Fine. In that case, I will synopsise it because we do not have a huge amount of time. Essentially they say that there are three case studies that would be of assistance on the basis of the personal experience of the councillor. To be really clear, I went back and checked this with the county manager afterwards and the county manager confirmed that these are cases.

Case 1

A young woman who had been living with her father in Council accommodation contacted me in the latter half of last year. A problem arose, as her father had no permission to allow people stay with him. She found herself becoming homeless and contacted myself and other Councillors in our electoral area. The problem was resolved and the Council advised she could remain living with her father.

She was most disappointed at this... because of the difficulty with her father he would no longer allow her to live with him. The council agreed to provide emergency accommodation in a nearby hotel.

She only stayed in the Hotel room for one week and then moved back to her family home and now uses the hotel room to meet her partner a few nights a week, but as far as she is concerned she is now living in emergency accommodation... This lady is counted in our homeless figures and nothing could be further from the truth.

This is the information I am being sent. I would be remiss in my role if I did not challenge my executive to find out if this is true.

Case 2

A young lady approached me two years ago who told me she was homeless and sleeping in her car with her three children under the age of 7. She had been living in a council house with her father and claimed that he was being physically abusive to her and her partner and they had to leave the home. I asked if she could stay with her mother who was in another council house close by and she told me she had not spoken to her mother in years and that there was no chance of her mother agreeing to this.

I attended the Council offices with her, her partner and her children. It was impossible for the meeting to be held, as the children were [very noisy]...

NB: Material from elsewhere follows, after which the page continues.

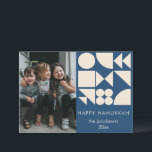 幾何はっきりした形モダンカスタムHanukkah写真 シーズンカード<br><div class="desc">ネイビーはっきりしたブルーの背景の上にモダンクリーム状の幾何学的な形状を持ち、宇宙と家族の写真やメッセージを楽しめパーソナライズされたるハヌカー。Aよくはしゃぐ、コンテンポラリーホリデーカードを取る伝統的、クリーンなデザインとフェスティバル精神を愛する家族に最適。光の季節に暖かさと応援を送るのに理想的。</div>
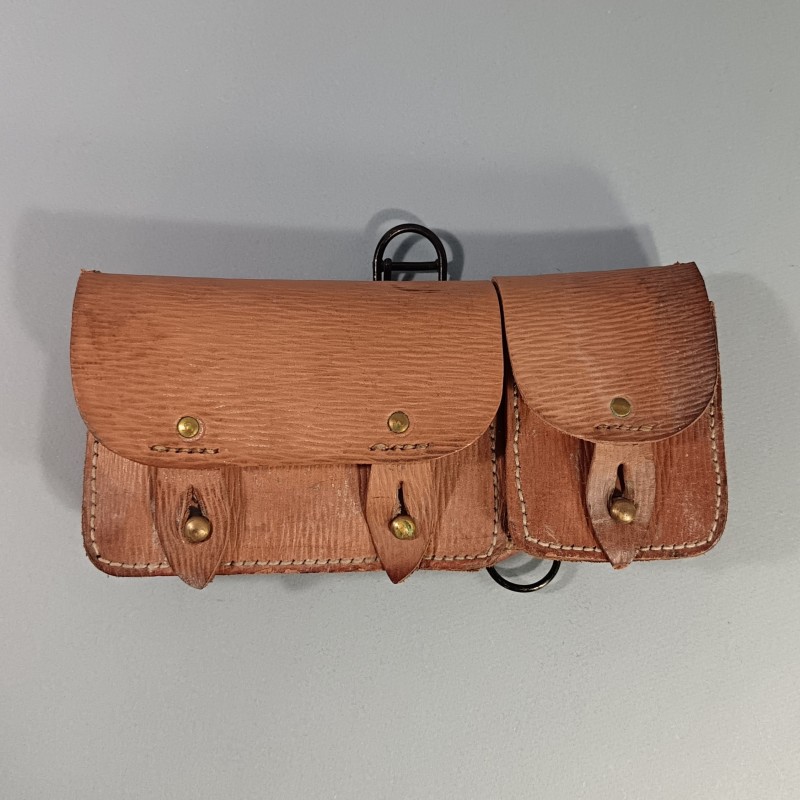 CARTOUCHIERE MODELE 1935 / 1937 COTE GAUCHE COULEUR FAUVE CUIR STRIE TAMPONNEE 1 er TRIMESTRE 1940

[I arranged a meeting the following day] To my surprise she called her mother who arrived in her car and took the children home and arranged with her daughter to see her at the house later, when I questioned her about what she had told me in relation to her mother she said [that]... this was the best way for her to enter emergency accommodation. She had a council house six months later.

This is what I am being told. This is what I am being asked to draw to the committee's attention.

Case 3

Some months back at the launch of yet another fundraising drive by the homeless charities I watched a video... of a young child struggle with the steps of a B&B because he was in temporary accommodation. It was an appalling site [sic], and one that was viewed over 500,000 times on you tube.

When I realised that this child was a member of a homeless family from Fingal I approached our executive and sought an explanation as to how this was happening on our watch.

It was only then I learned that this family had been offered alternative accommodation, including a brand new 3 bed specially [adapted] home in a new development and refused it as it was a ten minute bus journey from where they had hoped to secure a home.

The same family also refused a transfer to a hotel nearby where they could have had a room [adapted] for people with special needs, as it was not close enough to the mother’s family home.

This next piece comes to the heart of looking harder for evidence.

When the facts in this case were brought by me to RTE and Independent Newspapers they both investigated and confirmed the story, both indicating they were anxious to run it and both then reverting and advising me that it was too dangerous legally to deal with the story.

I will not deal with the rest of it.